=== PROVIDED RECORDS ===
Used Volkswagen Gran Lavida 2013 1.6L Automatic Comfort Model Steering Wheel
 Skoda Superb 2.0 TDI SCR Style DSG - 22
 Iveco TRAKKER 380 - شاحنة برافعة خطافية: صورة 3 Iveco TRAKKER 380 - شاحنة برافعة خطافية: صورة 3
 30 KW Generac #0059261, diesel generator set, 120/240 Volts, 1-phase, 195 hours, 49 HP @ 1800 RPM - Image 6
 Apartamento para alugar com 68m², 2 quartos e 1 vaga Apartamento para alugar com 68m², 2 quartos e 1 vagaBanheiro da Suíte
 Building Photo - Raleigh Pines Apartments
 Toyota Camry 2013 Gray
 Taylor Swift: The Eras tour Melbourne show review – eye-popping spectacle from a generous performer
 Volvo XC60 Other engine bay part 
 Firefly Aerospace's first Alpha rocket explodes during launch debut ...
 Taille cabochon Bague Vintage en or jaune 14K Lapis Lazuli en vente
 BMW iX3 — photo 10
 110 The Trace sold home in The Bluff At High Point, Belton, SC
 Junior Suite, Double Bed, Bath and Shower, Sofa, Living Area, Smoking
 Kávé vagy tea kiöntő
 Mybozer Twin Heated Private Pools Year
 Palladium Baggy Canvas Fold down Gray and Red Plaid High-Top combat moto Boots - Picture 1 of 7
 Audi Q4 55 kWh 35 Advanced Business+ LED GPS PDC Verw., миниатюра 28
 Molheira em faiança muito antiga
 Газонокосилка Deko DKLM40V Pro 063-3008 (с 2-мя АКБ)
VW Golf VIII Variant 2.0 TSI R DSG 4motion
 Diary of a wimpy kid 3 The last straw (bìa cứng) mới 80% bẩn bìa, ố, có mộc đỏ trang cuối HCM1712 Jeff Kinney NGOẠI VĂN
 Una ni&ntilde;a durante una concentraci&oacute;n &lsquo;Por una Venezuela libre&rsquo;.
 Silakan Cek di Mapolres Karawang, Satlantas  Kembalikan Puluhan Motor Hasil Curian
===
Copy out the range of lines above starting at the line with "Skoda Superb 2.0 TDI SCR Style DSG - 22" and ending at the line with "Diary of a wimpy", exactly and including both.

 Skoda Superb 2.0 TDI SCR Style DSG - 22
 Iveco TRAKKER 380 - شاحنة برافعة خطافية: صورة 3 Iveco TRAKKER 380 - شاحنة برافعة خطافية: صورة 3
 30 KW Generac #0059261, diesel generator set, 120/240 Volts, 1-phase, 195 hours, 49 HP @ 1800 RPM - Image 6
 Apartamento para alugar com 68m², 2 quartos e 1 vaga Apartamento para alugar com 68m², 2 quartos e 1 vagaBanheiro da Suíte
 Building Photo - Raleigh Pines Apartments
 Toyota Camry 2013 Gray
 Taylor Swift: The Eras tour Melbourne show review – eye-popping spectacle from a generous performer
 Volvo XC60 Other engine bay part 
 Firefly Aerospace's first Alpha rocket explodes during launch debut ...
 Taille cabochon Bague Vintage en or jaune 14K Lapis Lazuli en vente
 BMW iX3 — photo 10
 110 The Trace sold home in The Bluff At High Point, Belton, SC
 Junior Suite, Double Bed, Bath and Shower, Sofa, Living Area, Smoking
 Kávé vagy tea kiöntő
 Mybozer Twin Heated Private Pools Year
 Palladium Baggy Canvas Fold down Gray and Red Plaid High-Top combat moto Boots - Picture 1 of 7
 Audi Q4 55 kWh 35 Advanced Business+ LED GPS PDC Verw., миниатюра 28
 Molheira em faiança muito antiga
 Газонокосилка Deko DKLM40V Pro 063-3008 (с 2-мя АКБ)
VW Golf VIII Variant 2.0 TSI R DSG 4motion
 Diary of a wimpy kid 3 The last straw (bìa cứng) mới 80% bẩn bìa, ố, có mộc đỏ trang cuối HCM1712 Jeff Kinney NGOẠI VĂN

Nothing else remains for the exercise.